The game also features a POW block that can only be used three times per level. When one of the brothers hits the POW block from underneath, all enemies on that platform are automatically knocked up-side-down.

The level ends when all enemies are cleared off the board.

Best Boxing: Super Punch-Out

Nintendo was on a hot streak when they released Super Punch-Out in 1984. Like it’s predecessor Punch-Out, Super Punch-Out used the same gameplay mechanics.

The player takes on the role of the green-haired boxer Little Mac and faces a series of competitors with different skills and difficulties including:

  • Bear Hugger
  • Dragon Chan
  •  Vodka Drunkenski a.k.a. Soda Popinski
  • Great Tiger
  • Super Macho Man

Like the previous title, Super Punch-Out made use of two monitor screens in its arcade cabinet. The all too familiar phrase, “Body Blow!” became synonymous with this title.

Best Original Character: Q*Bert

Q*Bert was released and published by Gottlieb in 1982. Like Zaxxon the title included isometric graphics to create a pseudo-3D graphics experience. Q*Bert has earned the right to be included with other classic arcade games like Pac Man, Donkey Kong, and Dig Dug.

The gameplay takes place on cubes arranged in a pyramid shape and is simple and straightforward. Q*Bert must jump diagonally from cube to cube, changing each cubes color along the way.

Along the way, Q*Bert must avoid a series of enemies. A collision with any of them will cause the player to lose a life. Once all the cubes colors have been changed, the player advances to the next level.

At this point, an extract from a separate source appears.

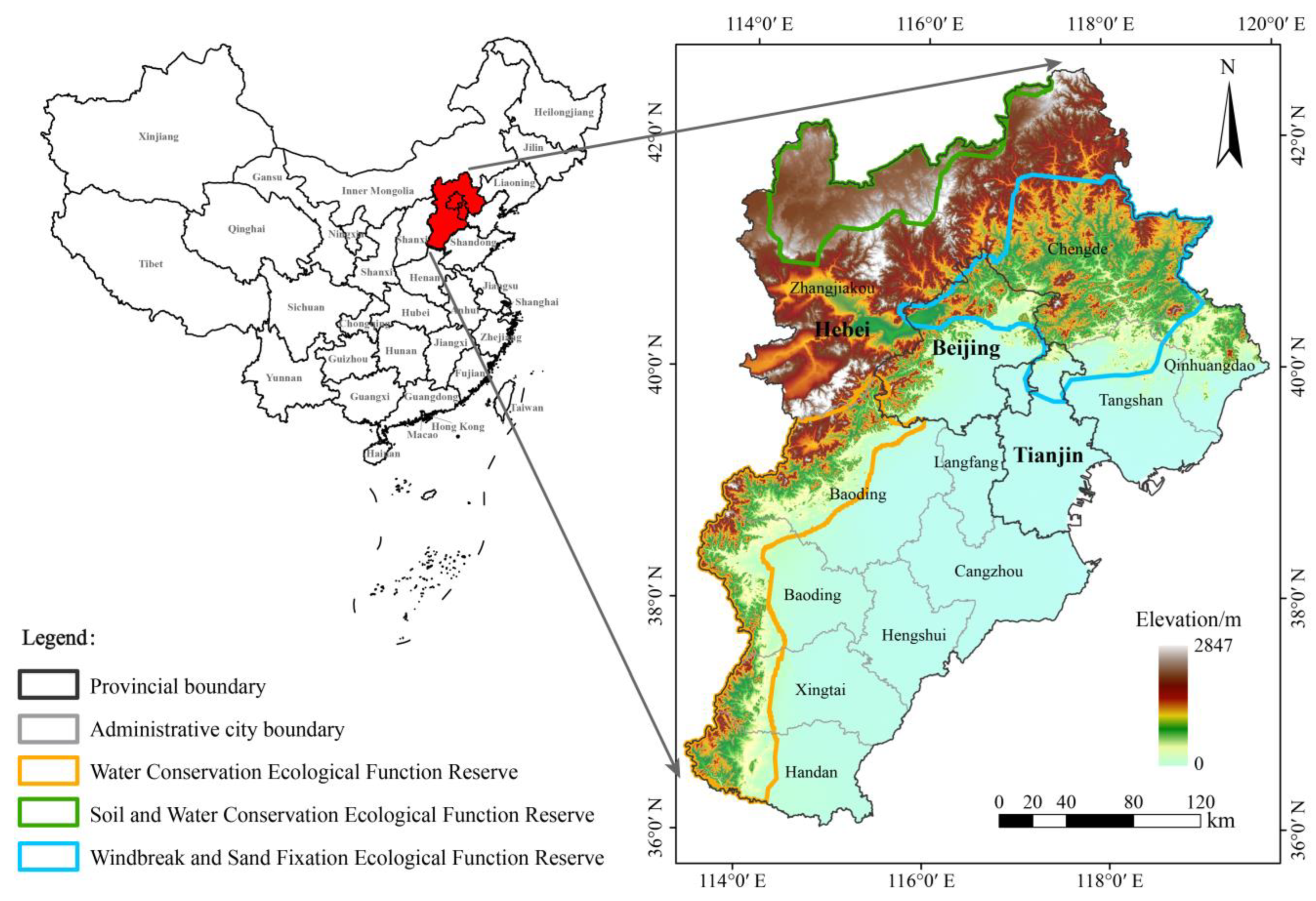 Sustainability 14 13436 g001 Sustainability 14 13436 g001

Best Overall Racing: Out Run

Sega released the widely popular title Out Run in 1986. Back in 1986, Out Run was considered a technological marvel due to its non-linear gameplay and rich colorful graphics. It also allowed the player to select from a multitude of songs to play.

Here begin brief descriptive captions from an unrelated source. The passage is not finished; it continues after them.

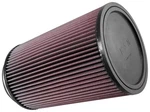 K&n Filters RU-3220 Universal Air Cleaner Assembly. Fixed Price $78.99.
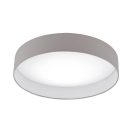 93952 EGLO PALOMARO LED mennyezeti lámpa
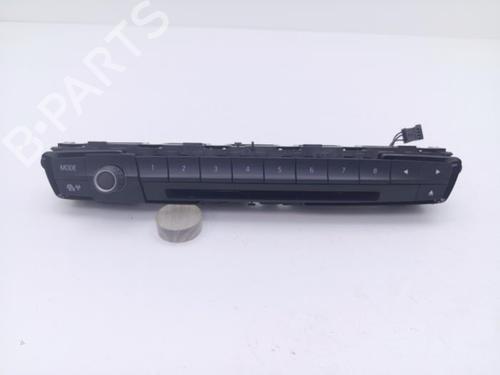 switch-bmw-1-f20-2011-2012-2013-2014-2015-2016-2017-2018-2019-40469229 main image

Your player takes the wheel of a Ferrari Testarossa Spider to race through a wide variety of landscapes. Running into things causes the Ferrari to slow down which in turn, effects your time. If you make it to your desired destination before the timer expires, you move on to the next level. Along the way, the player will encounter checkpoints that will add more time to the timer.

Best Space Defense: Galaga

Galaga is the direct sequel Galaxian and was released in 1981 from Namco. Galaga is one of the most commercially and critically successful arcade classics of its time.

The player controls a starfighter against an invading army of insect-like alien creatures. Like other space shooters like Space Invaders, the player can only move left and right while firing on those pesky aliens. Unlike its predecessor, Galaxian, Galaga allows the starfighter to shoot two successive shots at a time. Another feature found in Galaga is the enemies ability to capture your starfighter.

As you fight off the swarms of enemies, the game will become progressively harder. Getting shot or getting run into will cost you a life. Once all of your starfighters are depleted the game ends.